Farm estate in Tuscany, Italy

Villa Il Palagio is a villa and farm estate in Figline Valdarno, in the province of Florence in the Italian region Tuscany. The estate has belonged to the musician Sting and his wife Trudie Styler since the late 1990s.

==History==
Il Palagio was built in the 17th century. In the late 18th century it was bought by the wealthy Martelli family. They sold it in 1819 to Countess Carlotta Barbolani of Montauto, the widow of the Duke of San Clemente and it remained in this family's hands for some 150 years. In the early 20th century, Duke Simone Vincenzo Velluti Zati di San Clemente was responsible for building an oil mill and grain store and beginning to produce wine in its vineyards. A chapel was added in 1958.
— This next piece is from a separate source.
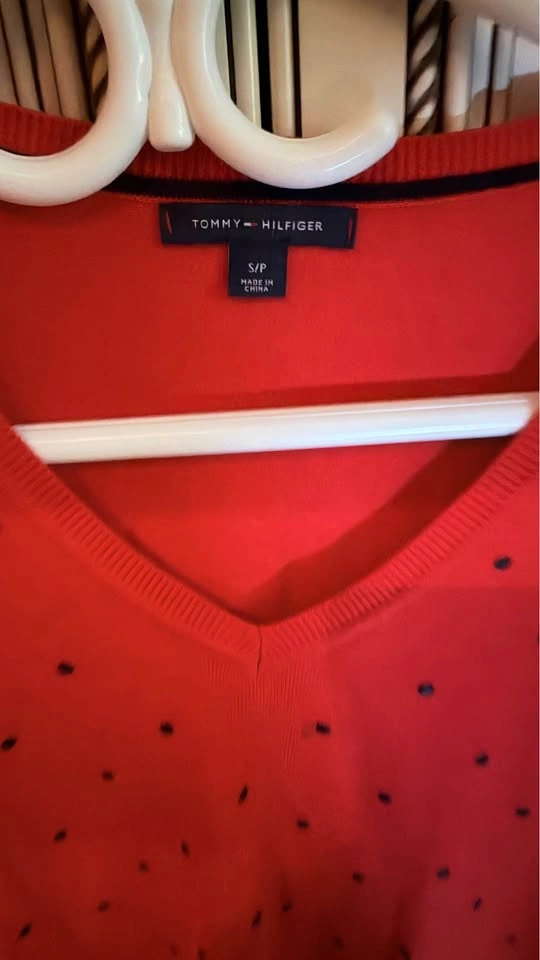 Tommy Hilfiger V-Neck Sweater - photo 2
The estate was purchased by Sting and his wife Trudie Styler in 1999. When the couple bought the villa it was in a state of disrepair and they hired architect Arabella Lennox-Boyd to carry out a full restoration of the estate, which took seven years. On 11 September 2001, Sting and a large ensemble of musicians recorded the live album All This Time at the villa on the same day at the September 11 terrorist attacks. Sting's song "Fragile" was dedicated to the victims of the attacks. In 2009, winter photography of the grounds covered in snow was taken for Sting's album release that year, If on a Winter's Night.... Both that and his 2006 album Songs from the Labyrinth were written at the estate. The second phase of rehearsals for The Police Reunion Tour took place over the course of four weeks at the estate in the spring of 2007. The bells featured at the beginning of "The Bells of St. Thomas" from Sting's 2021 album The Bridge are a recording of the bells of Il Palagio. Sting and Trudie often host parties and private concerts for friends and family at Il Palagio.

==Features==
The villa was built in the 16th-century Tuscan style and the estate contains four guesthouses and two annexes to the main villa, which can accommodate up to 50 guests, and up to 500 guests for wedding receptions and parties. The estate has a life-size chessboard, a treehouse overlooking a lake, a chapel and a giant statue of Buddha, a yoga centre, a tennis court, and a swimming pool.

==Produce==
The estate, of some 350 hectares, is run by Paolo Rossi and his brother Joe who is the head chef. Gluten-free breads and pizzas are on the menu. The estate is a producer of wine, honey, cherries, apricots, peaches and olive oil. It has been making organic olive oil since 1999. As of 2014, the estate produces six different wines.